Captains of boats carrying freight up the Sacramento River, and bringing down cargoes of produce, fruit, grain and hay, found places to discharge and load far apart in the early days.

In 1848 and 1849 sloops and schooners, drawing only a few feet, carried the shipments. Unique to San Francisco Bay and its tributaries, the flat bottom scows moved easily in and out of the creeks and over river bars.

By 1850 steam vessels were arriving. They didn’t replace the scows but rather carried larger and heavier cargoes, but they required deep water docks.

Port Chicago
Port Chicago

The first practical site upriver from Martinez to berth a steamer was five miles above the county seat at a point called “Seal Bluff.” A dock built here was in water deep enough for vessels to come in and load full shipments. The virgin soil of Mount Diablo, Clayton and Ygnacio valleys yielded heavy crops of barley and wheat, and teamsters delivered the yield to the dock at Seal Bluff Landing.

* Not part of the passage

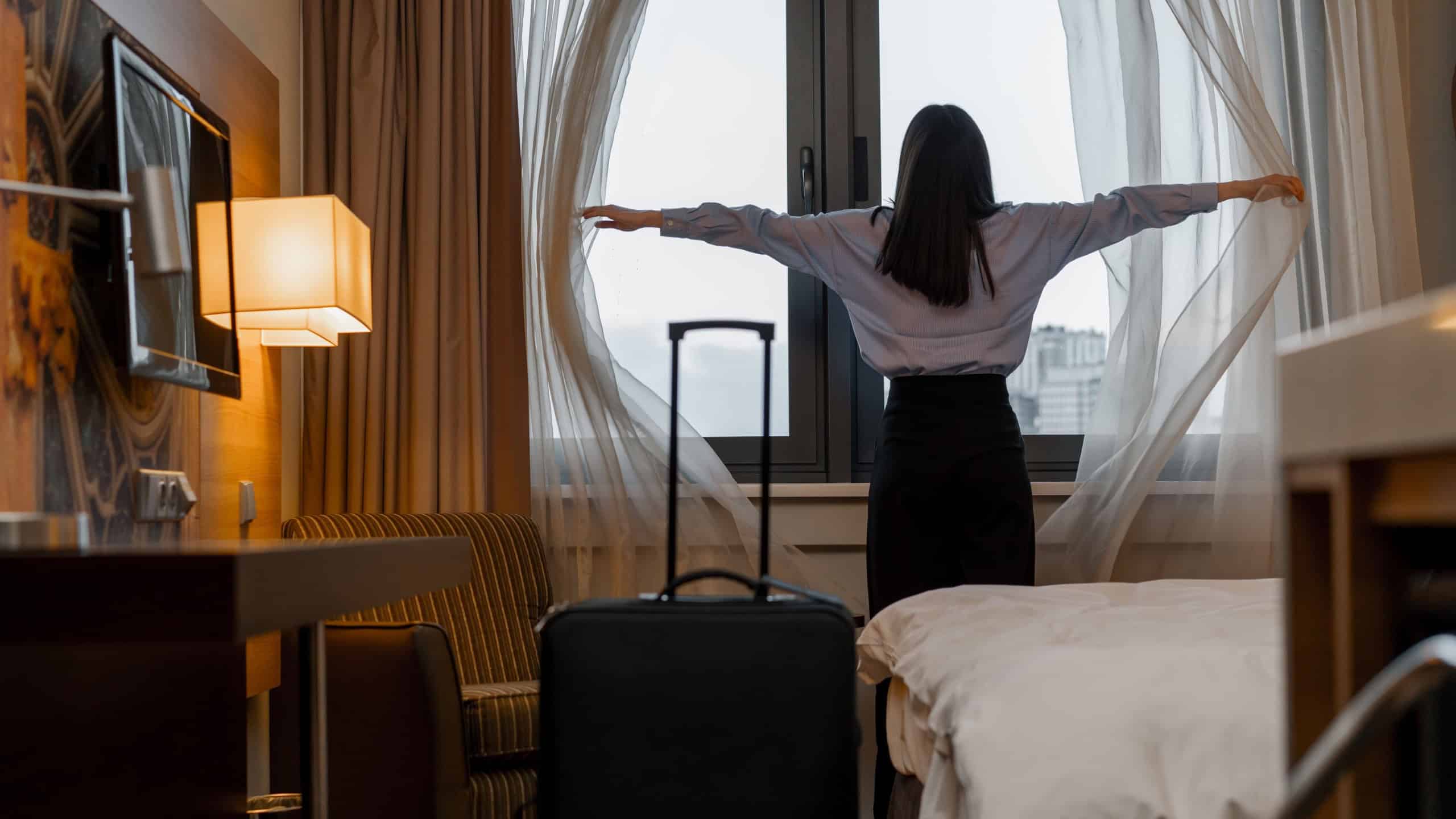 young woman opening curtain while standing luxury hotel room looking through window enjoying city skyscrapers close up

Among the settlers in the early 1850s were four brothers, Newton, Asa, Simeon and Philo Woodruff. Another Woodruff, David S., came in 1858 and taught school in the village.

Samuel S. Bacon took up 160 acres in 1855 and farmed there until 1860, when he moved over to Pacheco to become a shopkeeper. He returned in 1868 and with a partner built a 50- by 100-foot warehouse.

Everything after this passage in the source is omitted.